▶ TASK DETAILS: In the records below, find the line with "BTE CLAS. D25mm PP 7/10e Orange", then retype it and every following line exactly, stopping after the line with "Congaree National Park". Leave the pictures out.

==========

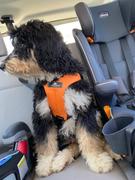 The Rover Store Sleepypod Clickit Sport Plus Car Safety Dog Harness Review
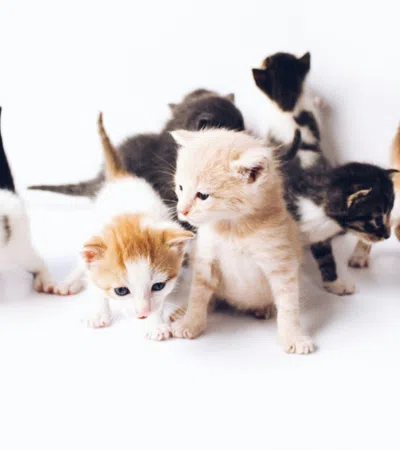 a group of kittens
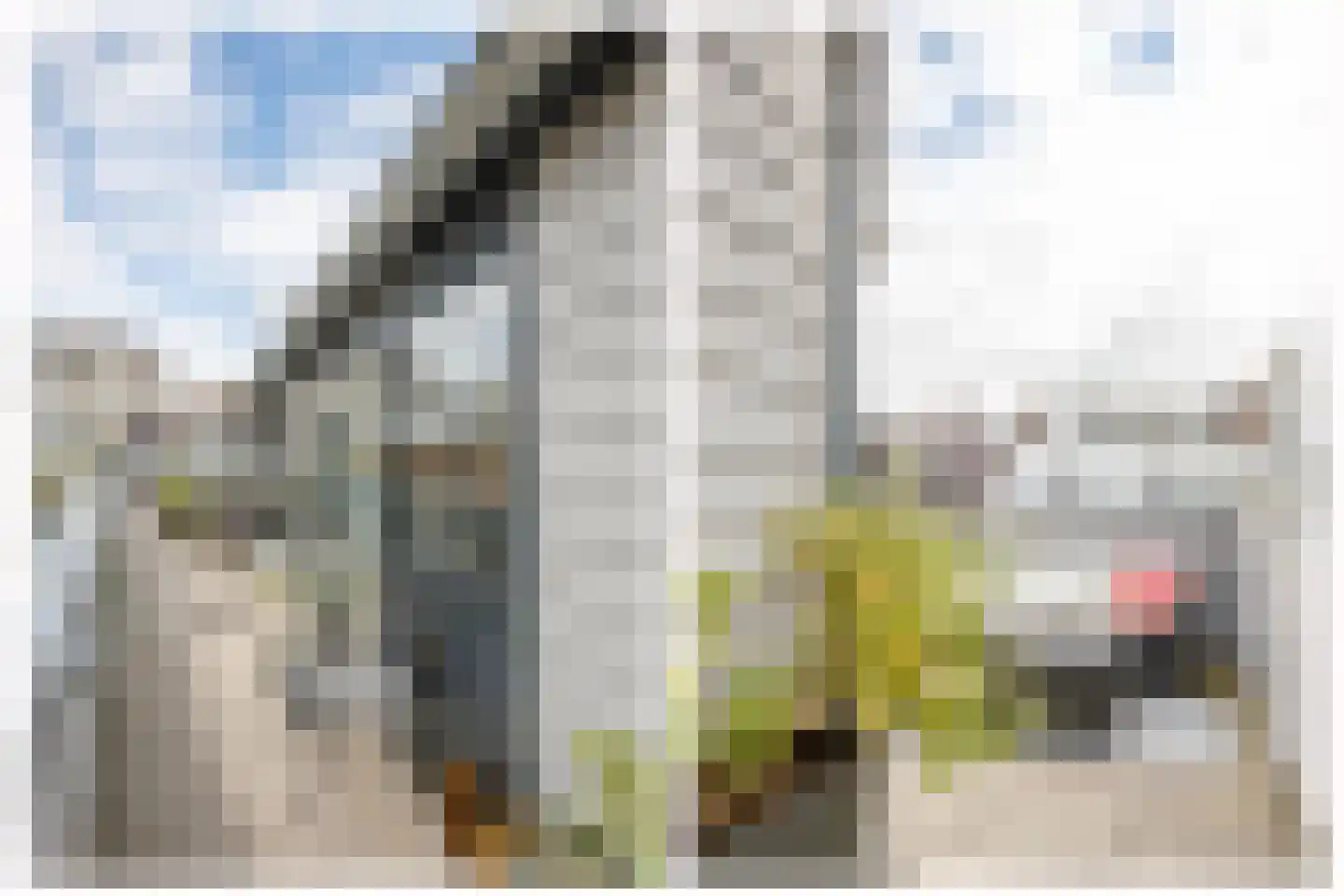 Lange Weistraat 7 k Schoonhoven thumbnail 23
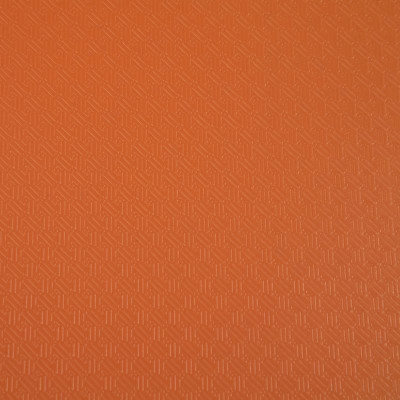 BTE CLAS. D25mm PP 7/10e Orange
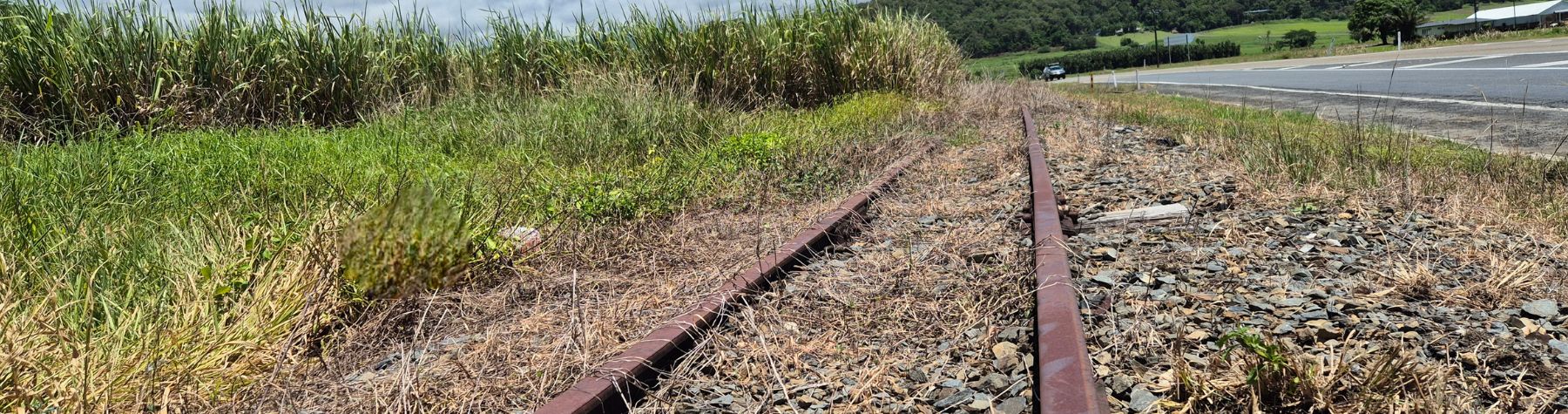 News Bites – Ordinary Council Meeting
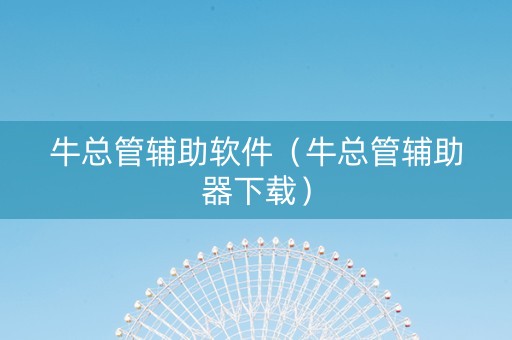 牛总管辅助软件（牛总管辅助器下载）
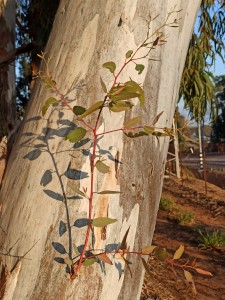 צילום: אלדד ורדי
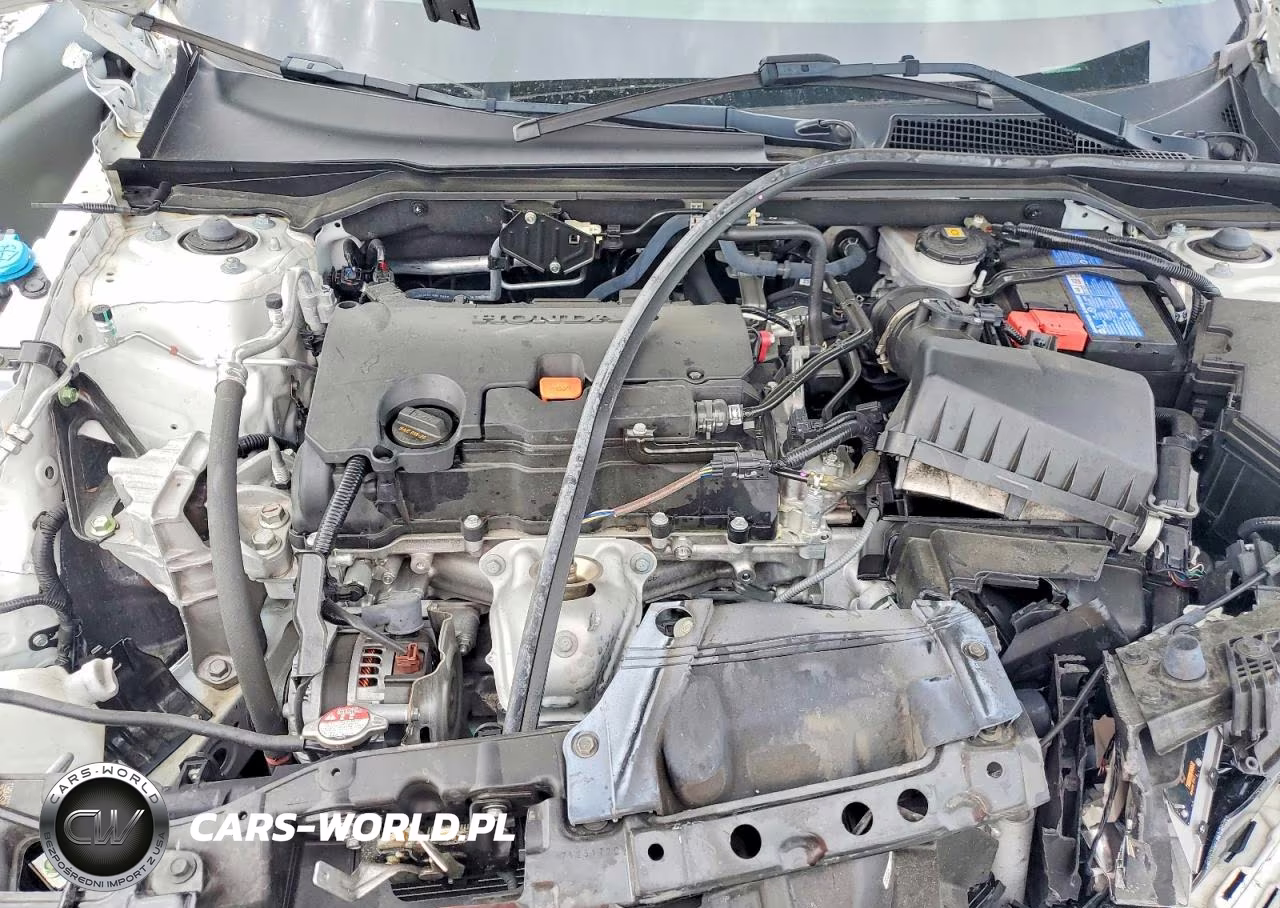 2024 Honda Civic Sport VIN:2HGFE2F54RH585346 - 11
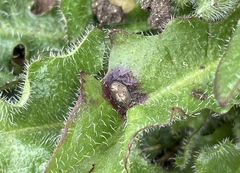 Ramularia inaequalis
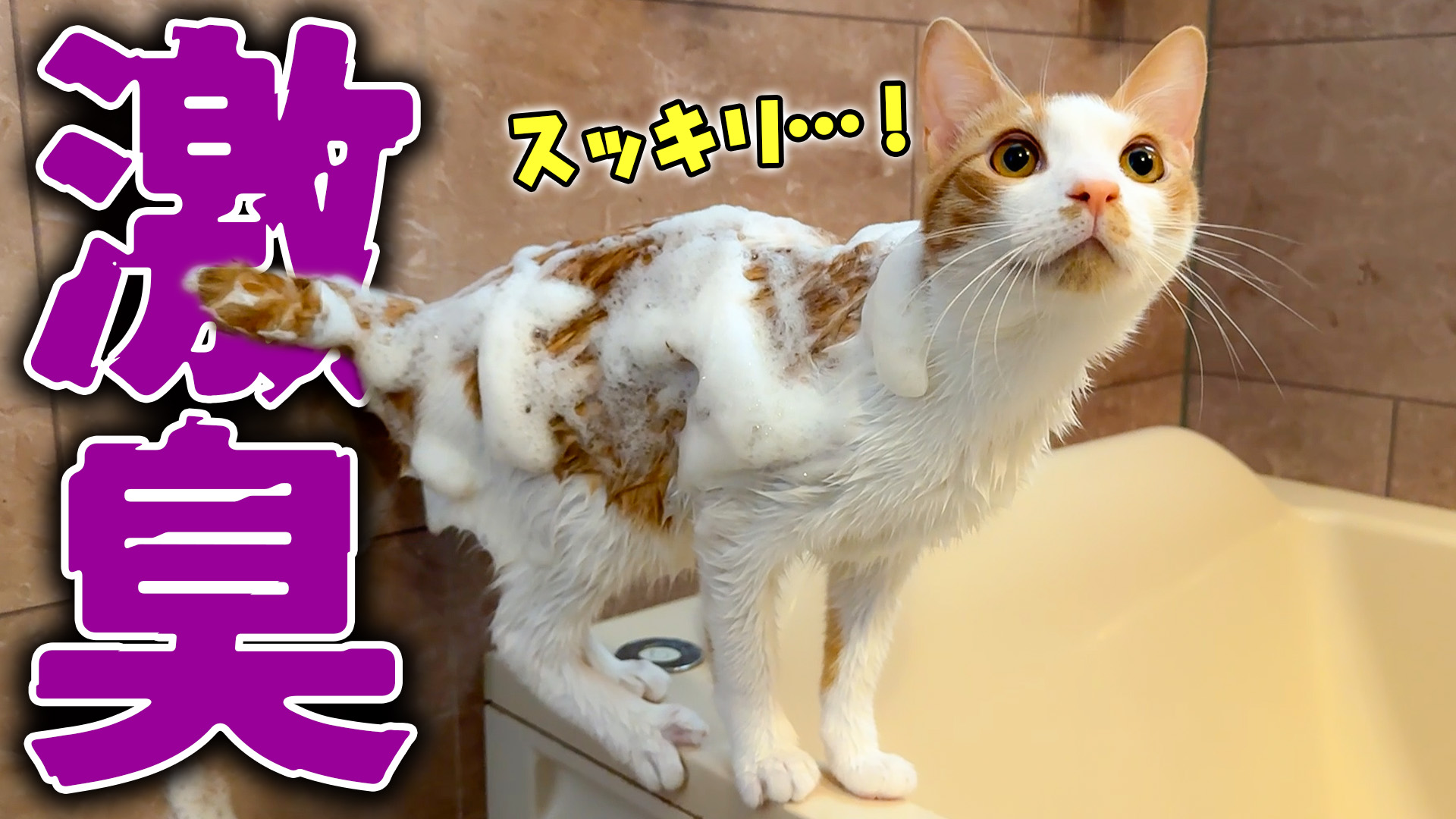 あいと 愛猫の治療費のために出品中 腰原チョイス、 おすすめ本、待合室に置いてあります。 ①LDK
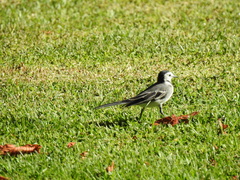 Motacilla alba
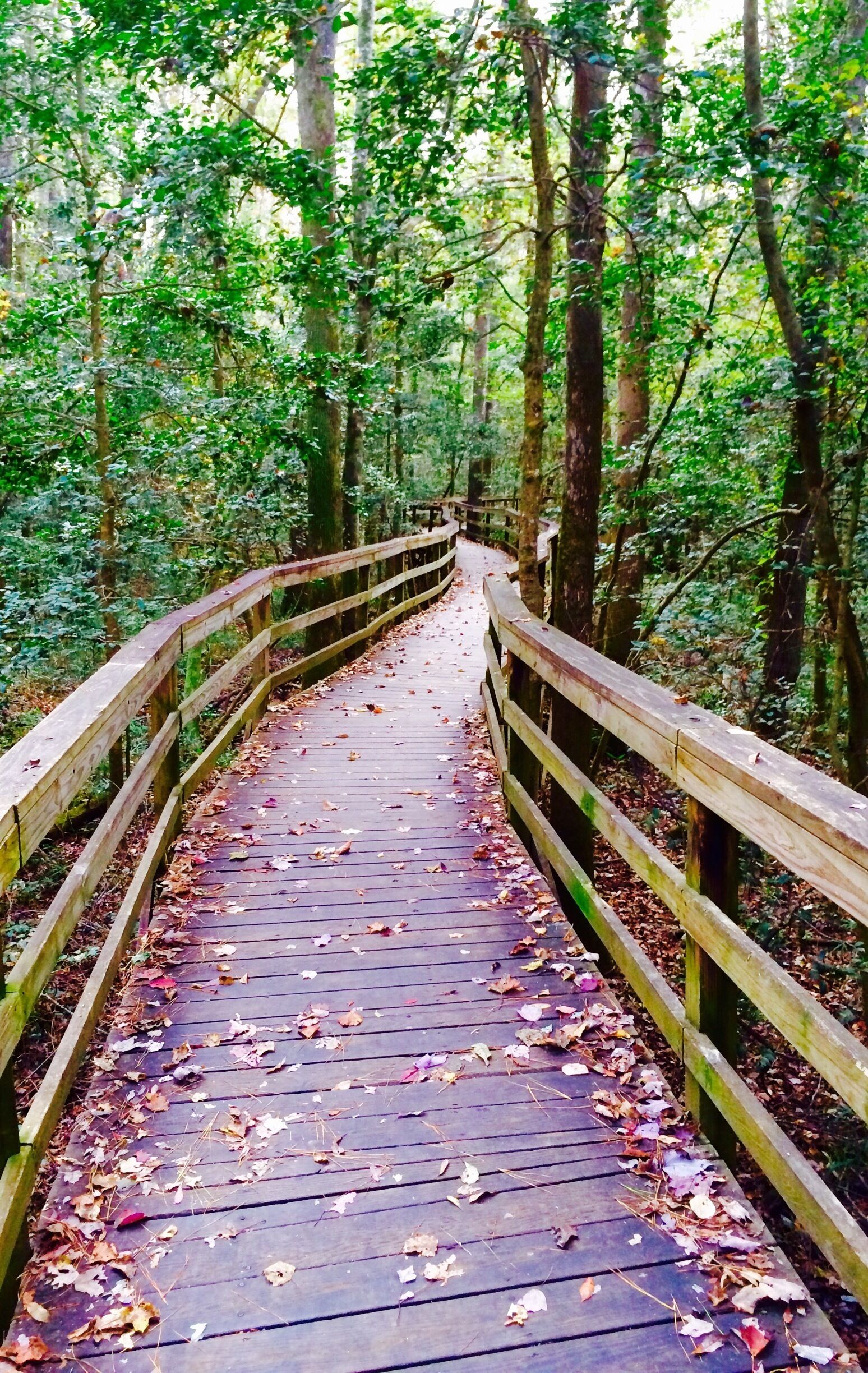 My bucket list is to visit all 59 of the U.S. National Parks. So far, we've been lucky enough to explore over 30. Here's one of them.

Congaree National Park is definitely off the beaten path with huge Trees for East Coast standards. Canoe or kayak through the park or take a hike through the largest tract of old growth bottomland (not to be confused with a swamp) in the US. The network of Bald Cypress have something called knuckles coming up through the ground. Looks otherworldly.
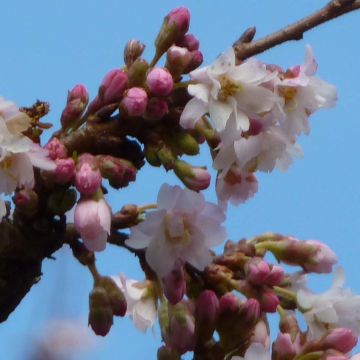 Cerejeira-do-japão - Prunus subhirtella Autumnalis Rosea em flor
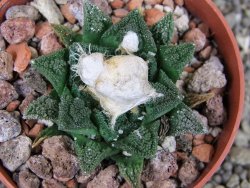 Ariocarpus fissuratus hintonii Matehuala pot 6,5 cm Cites IA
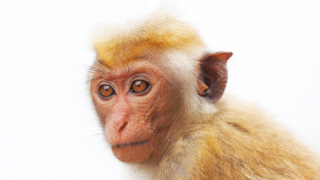 Brown Macaque Monkey on white background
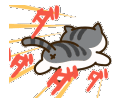 nekoatsume runq Slack emoji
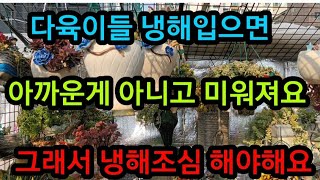 낼부터 강력 #한파특보 #냉해 입은 #다육이 보는내내 속상하니까 #난방 신경써서 피해없이잘지나갔으면~좀힘들어도 #다육이들 한테받는 #행복 은 그이상이니까 #비닐하우스 #노지 ⚠️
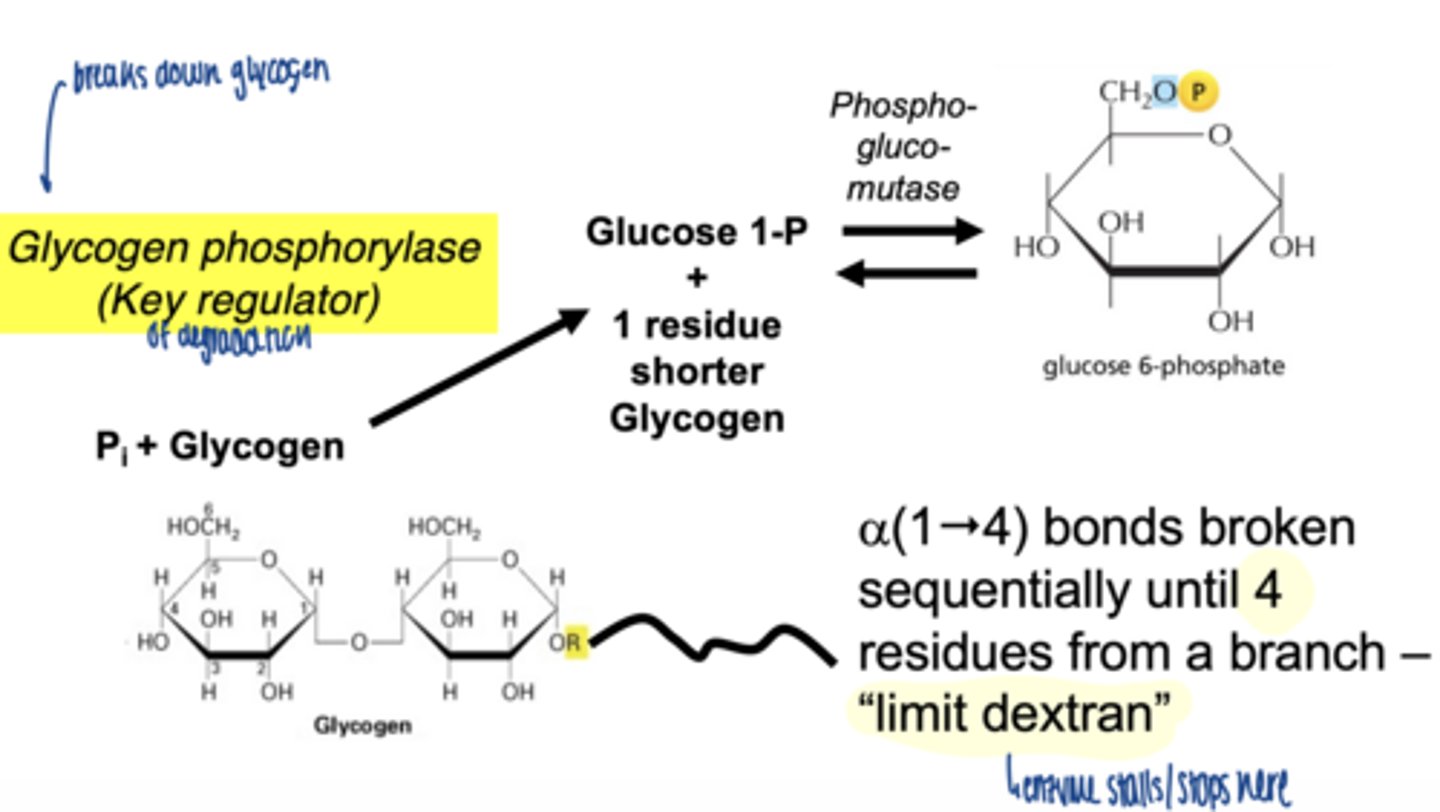 <p>glycogen phosphorylase</p>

==========

▶ FINISHED TASK:
 BTE CLAS. D25mm PP 7/10e Orange
 News Bites – Ordinary Council Meeting
 牛总管辅助软件（牛总管辅助器下载）
 צילום: אלדד ורדי
 2024 Honda Civic Sport VIN:2HGFE2F54RH585346 - 11
 Ramularia inaequalis
 あいと 愛猫の治療費のために出品中 腰原チョイス、 おすすめ本、待合室に置いてあります。 ①LDK
 Motacilla alba
 My bucket list is to visit all 59 of the U.S. National Parks. So far, we've been lucky enough to explore over 30. Here's one of them.

Congaree National Park is definitely off the beaten path with huge Trees for East Coast standards. Canoe or kayak through the park or take a hike through the largest tract of old growth bottomland (not to be confused with a swamp) in the US. The network of Bald Cypress have something called knuckles coming up through the ground. Looks otherworldly.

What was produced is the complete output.